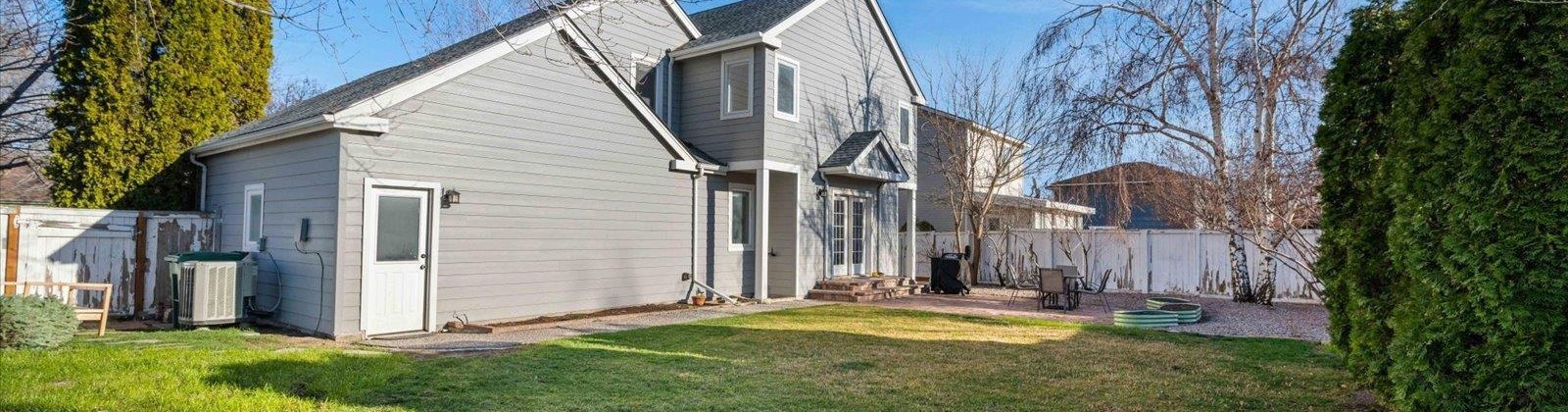 24th Ave, Kennewick, Washington 99337-3657, 3 Bedrooms Bedrooms, 0 ,3 BathroomsBathrooms,Houses,For Sale,24th Ave,0,289661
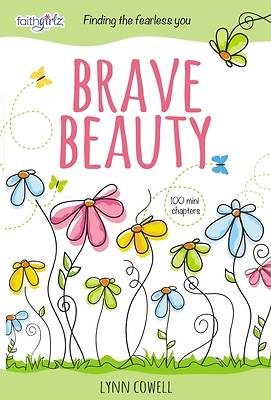 Picture of Brave Beauty - eBook [ePub]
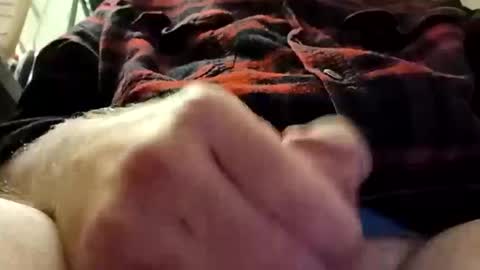 Snapshot of tailblazzer chatting on 10, 10, 2025 tailblazzer online show from 10, 10, 2025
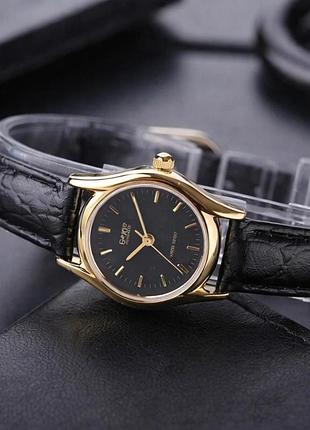Женские часы casio ltp-1094q-1a 2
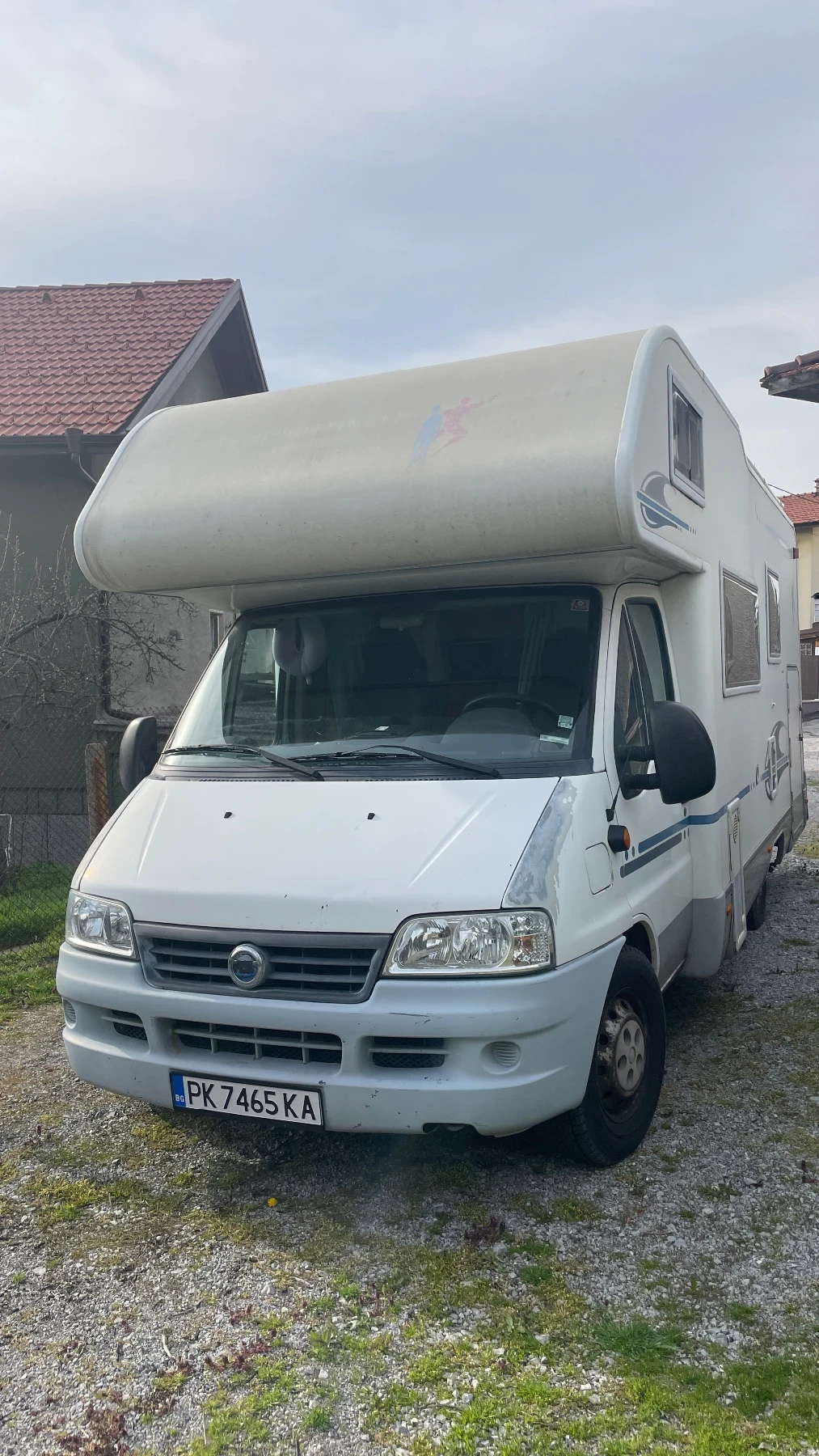 ������ Adria | Mobile.bg � ����������� 2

** TASK OBJECTIVE **
Transcribe exactly the line that contains "Женские часы casio ltp-1094q-1a 2" and each line after it through the end of the listing. Leave out the pictures.

** TASK ANSWER **
Женские часы casio ltp-1094q-1a 2
 ������ Adria | Mobile.bg � ����������� 2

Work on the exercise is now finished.